## Problem
Return the following data exactly, with all pictures left out.

## Given material
== Segment start ==

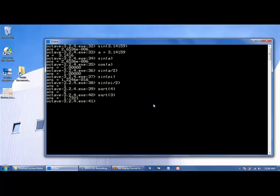Another useful function is the exp function, which is e to whatever power goes inside the parentheses. So e to the power of 3 gives you approximately 20.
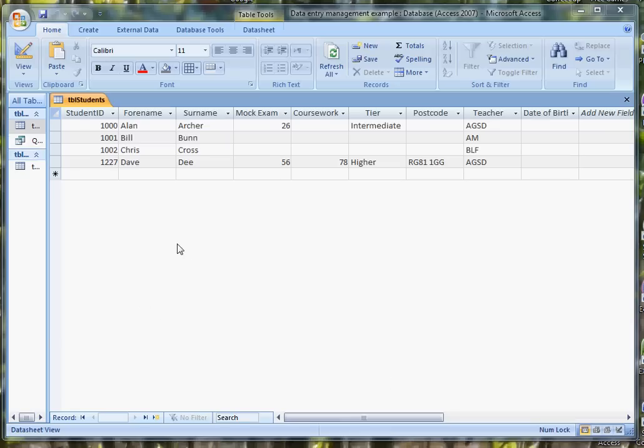So the point of this little video is to look at how you can create a form which has a calendar control for a field like date of birth. I've got a little database about some students.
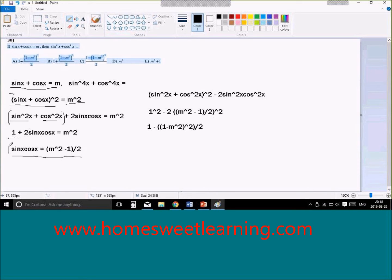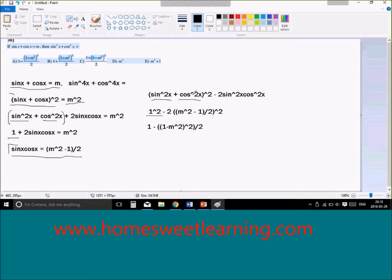Now that we have this expression, we can move on to the second expression: sine to the power of 4x plus cosine to the power of 4x. We can simplify this by factoring the power of 2 out, making it sine squared x plus cosine squared x, all to the power of 2. We know that sine squared x plus cosine squared x always equals 1, so we get 1 squared over here.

== Segment end ==

## Result
Another useful function is the exp function, which is e to whatever power goes inside the parentheses. So e to the power of 3 gives you approximately 20.
So the point of this little video is to look at how you can create a form which has a calendar control for a field like date of birth. I've got a little database about some students.
Now that we have this expression, we can move on to the second expression: sine to the power of 4x plus cosine to the power of 4x. We can simplify this by factoring the power of 2 out, making it sine squared x plus cosine squared x, all to the power of 2. We know that sine squared x plus cosine squared x always equals 1, so we get 1 squared over here.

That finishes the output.